The Conseil also assessed the compatibility of Article 3 of the French Data protection Act with the ePrivacy Directive. The Conseil determined that Directive 2002/58/EC did not prevent the French DPA to apply the French data protection Act (including Article 82). The Directive would therefore also not prevent the French DPA from penalising the controller for supposed violations of Article 82 of the French data protection Act. Therefore, the Conseil established that the French DPA could enforce the French data protection act against any person or legal entity responsible for the processing of data who had an establishment in France, irrespective of the location of the principal establishment of the responsible entity. This enforcement by the DPA would also not constitute violations of articles 49 (Freedom of establishment) or 56 (Freedom to provide services) of the TFEU.

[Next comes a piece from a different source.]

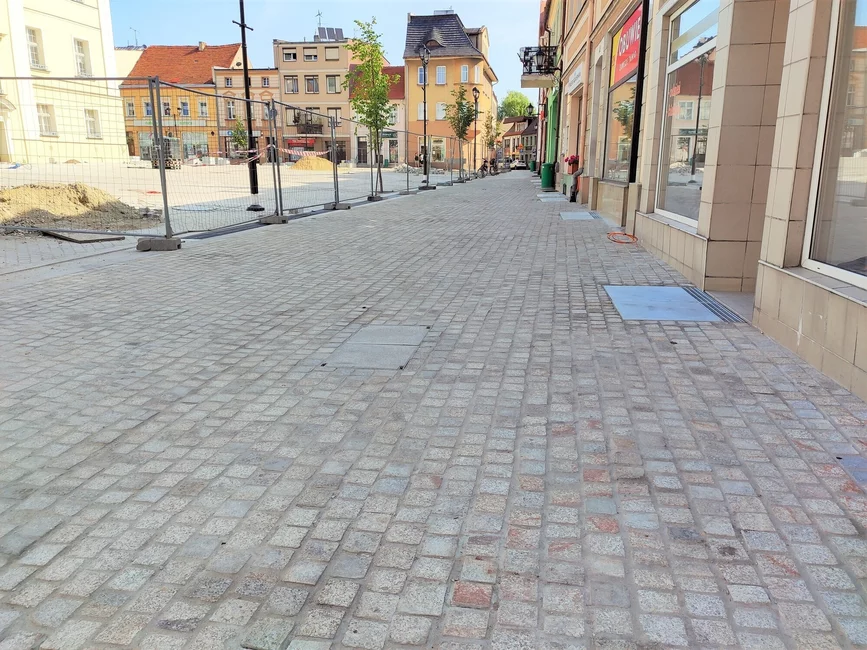 Nawierzchnię ułożono z zachowaniem bezpiecznych spadów odprowadzających wodę.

With regard to the sanction imposed by the CNIL:

The Conseil deemed that the applicant was sufficiently informed regarding the scope of the DPA's investigations, the facts and the legal grounds on which the sanction was based. Moreover, the Conseil considered that the applicant was given sufficient time to present its defence. The Conseil also ruled that the involvement of the French DPA, while the Luxembourg DPA was the lead supervisory authority, was not enough to constitute a breach of the equality of arms principle. Amazon had argued that the involvement of the French DPA in the procedure had enabled the French DPA to gain access to privileged and confidential information and had used this information as a basis for its own decision. The Conseil determined that Amazon did not provide enough proof for this argument and stated that Amazon was not able to prove that was the procedure contrary to Article 15a(4) of Directive 2002/58/EC.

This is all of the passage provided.